1. Overview
Sets are a fundamental data structure in programming, offering a collection of unique elements without any predefined order. They’re incredibly versatilsorte, allowing us to check for membership, eliminate duplicates, and make comparisons. While Bash doesn’t offer a built-in set-like structure, there are some equivalents we can use.
In this article, we’ll explore some effective workarounds for set data structure in Bash. Initially, we’ll learn about associative arrays (Bash 4.0 and above). After that, we’ll discuss tools like sort and uniq.
Finally, we’ll experiment with custom functions to tackle set-related tasks in our Bash scripts.
2. Sets in Bash
Unlike some programming languages, Bash doesn’t have a built-in set data structure. While this keeps Bash lightweight and fast, it presents a challenge for those seeking to manage collections of unique elements in their scripts.

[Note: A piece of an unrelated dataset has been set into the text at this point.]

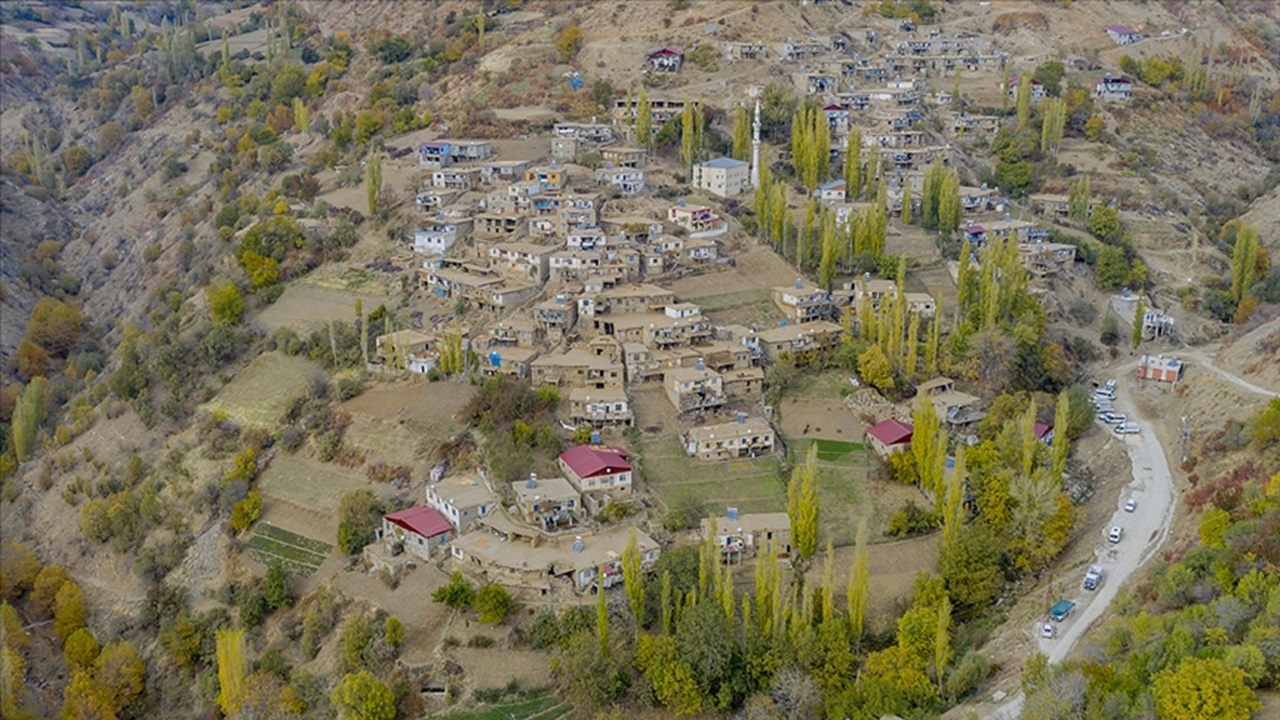 Çüngüş Nakliyat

2.1. Why There Are No Native Sets
Bash’s core design philosophy revolves around simplicity and efficiency. In essence, it forgoes some complex data structures, including sets, in favor of a more streamlined approach. This lean design makes Bash ideal for automating tasks as well as interacting with the operating system quickly.
2.2. Use Cases of Sets
While Bash offers arrays, they don’t perfectly replicate the functionality of sets. Sets provide us some important features such as:
- membership testing – checking to see if an element exists within a collection.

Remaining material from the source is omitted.